EW welcomes progress on Crown pest management obligations

Environment Waikato is welcoming significant progress towards having the Crown recognise its obligations to act as a “good neighbour” under regional pest management strategies. The council hopes this will ultimately mean that the Government pays a fairer share of regional pest management costs.

The Crown is not currently required to comply with regional pest rules on Crown land and this creates an inequity with other landowners and occupiers.

That has led to complaints that land treated for pests by regional councils and landowners has been re-infected by pests from adjoining Crown land.

Regional councils – including EW, which carries out extensive pest control to protect farming and biodiversity - have been lobbying hard to remove the Crown exemption from regional pest management strategy compliance.

EW’s regional pest management committee has today learned that a forum of regional council and Government agency CEOs has agreed to recommendations that should ultimately see all landowners meeting their obligations under regional pest management strategies.

“Cabinet has yet to sign off on this agreement but we are encouraged by the progress,” committee chairman Simon Friar said after the meeting.

“Moves to get Government to take greater responsibility will ensure the ratepayers’ money we spend carrying out pest management to protect our environment and economy is more effective.
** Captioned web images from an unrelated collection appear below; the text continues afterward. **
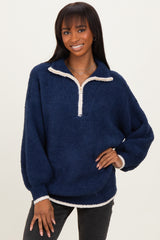 woman wearing a navy blue quarter-zip fleece pullover with white trim and balloon sleeves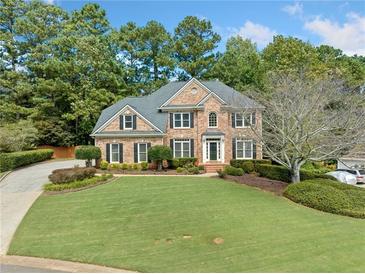 Brick two-story home with manicured lawn, mature trees, and a long driveway in a desirable neighborhood at 374 Meadowmeade Cv, Lawrenceville, GA 30043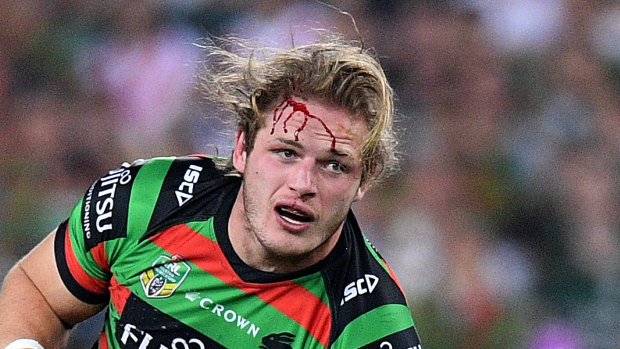 Collision: George Burgess bleeds heavily after a head clash with his brother Tom.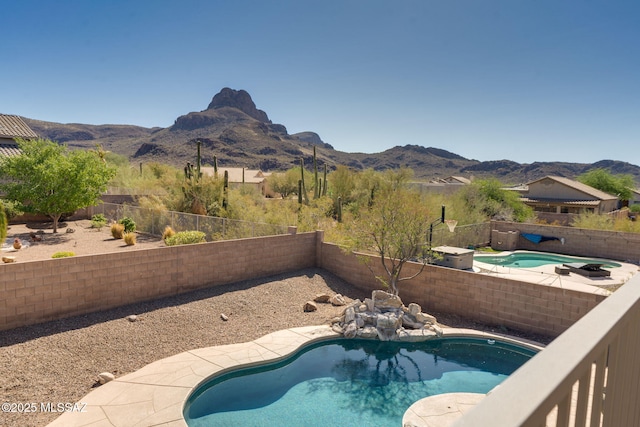 7705 W Taltson Dr, Tucson, AZ 85743 - view of swimming pool featuring a mountain view and a fenced backyard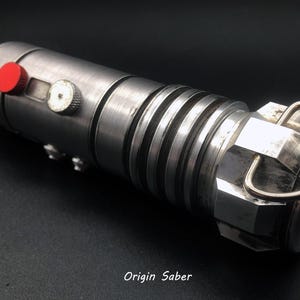 Puede incluir: Un sable de luz plateado con detalles negros y un bot&oacute;n rojo. El sable de luz tiene un anillo de metal en el extremo.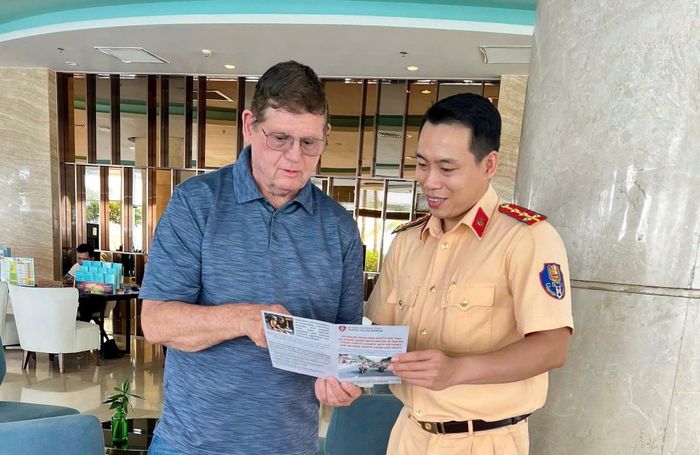 Cảnh sát giao thông phát tờ rơi tuyên truyền song ngữ Anh - Việt cho du khách nước ngoài đang du lịch, nghỉ dưỡng tại Đặc khu Phú Quốc.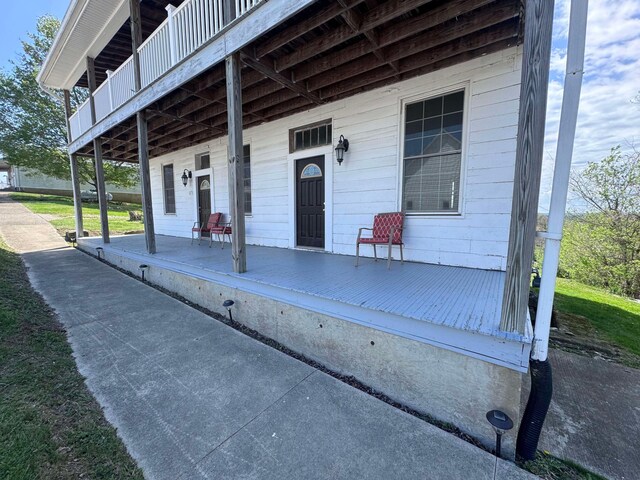 entrance to property with a porch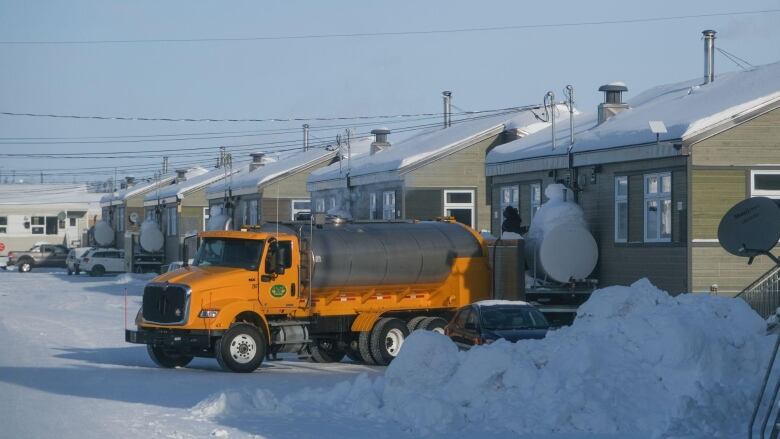 A truck in a small town. There is snow on the ground. 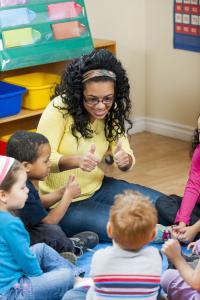 Coaching and Mentoring Teacher giving students a thumbs up.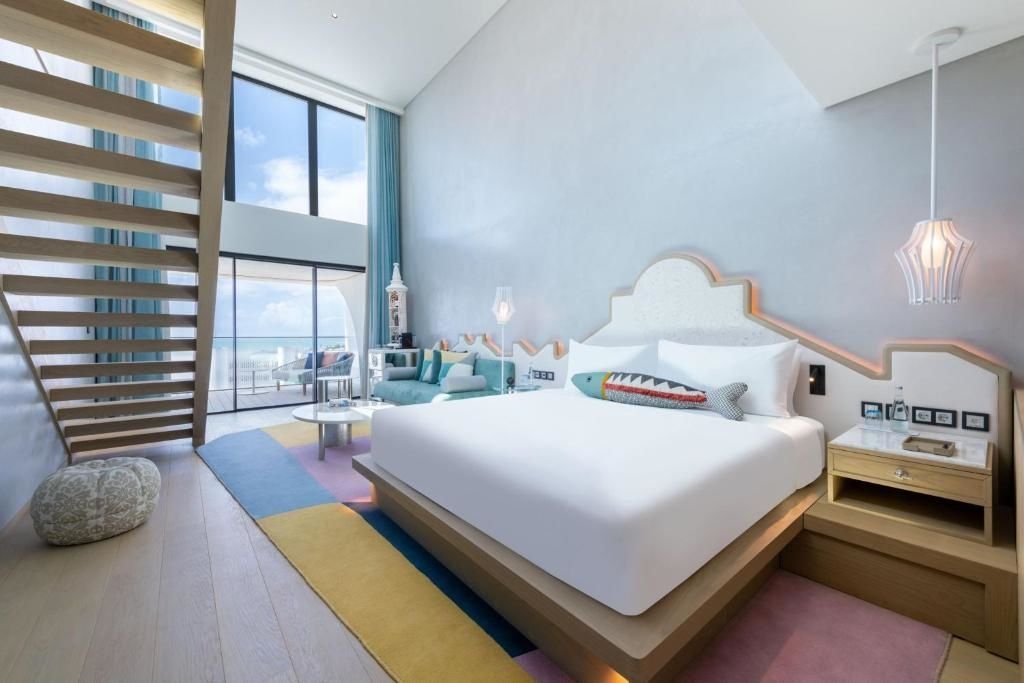Doppelbett mit Zierkissen in einem hellen Zimmer mit hoher Decke und Galerie.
There is still work to be done but we are hopeful the forum agreement provides a way forward for the Crown to better meet its ‘good neighbour’ responsibilities.”

The agreement seeks greater engagement from the Department of Conservation and other Crown agencies in the development of regional pest management strategies so councils and the Crown can improve coordination and priority setting for pest management across the landscape.

Cr Friar said another sign of progress for councils was that the Government intends to introduce a Biosecurity Amendment Bill next year which will help clarify the roles of Government and regional councils over pest incursion responses and marine pests.

“We will maintain a close watch on the development of this legislation to try to ensure that regional ratepayers and land occupiers are treated fairly and get the best arrangements possible when it comes to cost-sharing and effectiveness of pest management.”